Monthly Archives: July 2011

A Fresh Start…

So I figured I’d take a short break from everything I’m trying to do and get atleast one post out for the month of July.  I’ve been wanting to write something for awhile now but there always seems to be something else that has my time.  RL still gets about 90% of my time, with most of that going to my little princess (who is almost six months old) and my wonderful hubby, the remainder of my time is split up between SL and my Facebook game addiction, Cityville.  No need to really say it but my RL is the best it’s ever been and I find myself smiling all the time at all the blessings I have there…now on to SL.
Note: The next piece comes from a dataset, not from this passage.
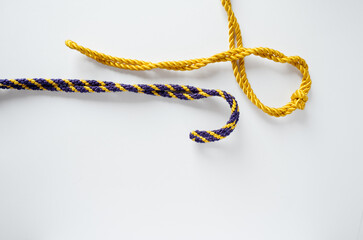 Yellow and purple ropes lying on a white background representing Spanish Holy Week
I’m happy to report that my SL is just as great as my RL.  This is probably due in large part to how happy I am in my RL, but also the fact that I have adjusted to being a single woman once again and find I really enjoy it!  Maybe it’s because my time is so limited in SL or because I was attached to someone for almost four years (when you add up the three men I was with pretty much back to back), but no matter what it is I relish my freedom now!  There is something to be said for logging in when you want and doing what you want, with whom you want, when you want and not having to answer to anyone but yourself.  Do I miss Des? Yes I do, very much.  Do I miss what him and I shared?  Yes, more than he probably knows; But at the same time I’m happy in the place I find myself now.  I still have moments when I feel sad, afterall Des and I were together for three years but for the most part I find myself focusing on what I enjoy and nothing else. 
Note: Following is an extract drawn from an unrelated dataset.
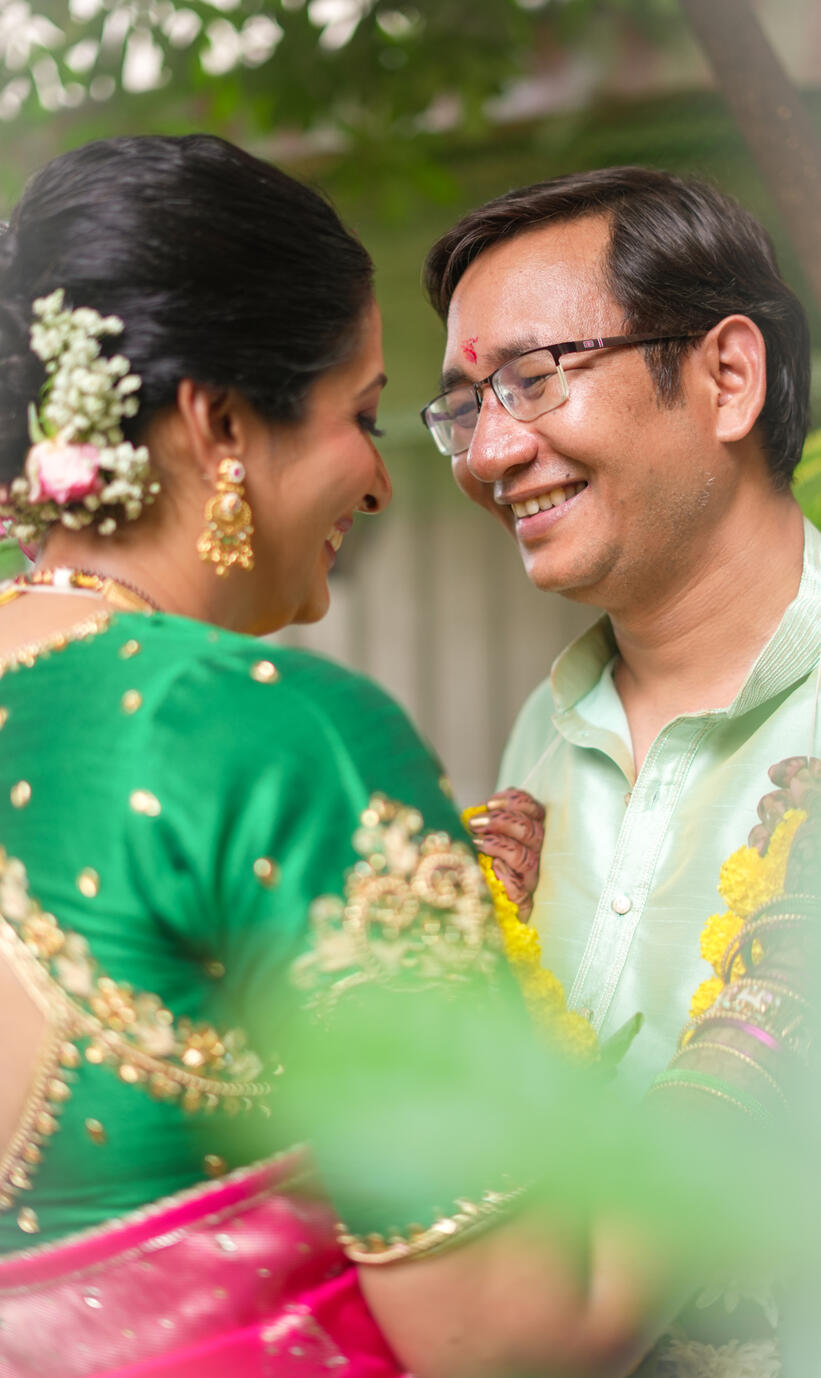 Close-up romantic portrait of Shweta and Sandeep Rawat sharing an intimate candid moment during their wedding celebration.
I just recently moved into a new home, not land, just a new home rental…More space, more prim and ofcourse alittle more money.  I love it!  The house is more me and for the first time in a LONG time I get to fill it with all the things I want.  Don’t get me wrong, I loved making a house a home for me and Des, but there is something to be said about only having to please myself.  Besides moving into my new place(which still isnt done), I’ve been working hard on cleaning and I mean cleaning my inventory.  My goal was to delete almost nine thousand items from it and so far I have deleted about eight thousand, which I’m so excited about.  It’s been over a year since I spent any true time on it and it certainly showed.  My other little mini addiction of late is Meeroos.  I currently have two of them, my first Eva and the one I just got last night my toy size Fiona.  My sweet wonderful friend Maribeth breeds them and gave me one as a gift!  That was so awesome of her.  I am thinking of getting atleast one more, I would love to breed them but simply don’t have the time or the money to invest right now.  None the less it’s nice having some for pets. 
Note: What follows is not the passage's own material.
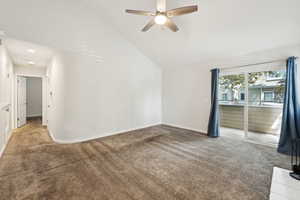 Empty room featuring ceiling fan, light colored carpet, baseboards, and lofted ceiling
Many things in my life are new now, I just feel different…a new chapter in my life if you will.  I’ve had many over the five years I’ve been in SL ( yes you heard correctly FIVE years) but I think this is a doozy.  A new me….new skin, new tats( I would like not only new but more of them) and I even dress differently in some ways.  Now a new home…new furniture…new pets and I’ve decided even new art work.  I’ve had some with me from my first days in SL and I think it’s time to just purge myself of them and start fresh.  Do I ever see myself being in another relationship here again?  It’s a HUGE maybe, I dont need anyone here and I’m certainly not looking.  It would take one hell of a man to convince me to try again anyway, besides being single isn’t a bad thing.  For one thing I can meet more people single and hope I can do that when I finally have the time to do so.  For now I just enjoy working on my projects or going to live shows or spending time with the friends I have, which are fantastic.  Yes, my SL is great…a fresh, new and happy beginning…again.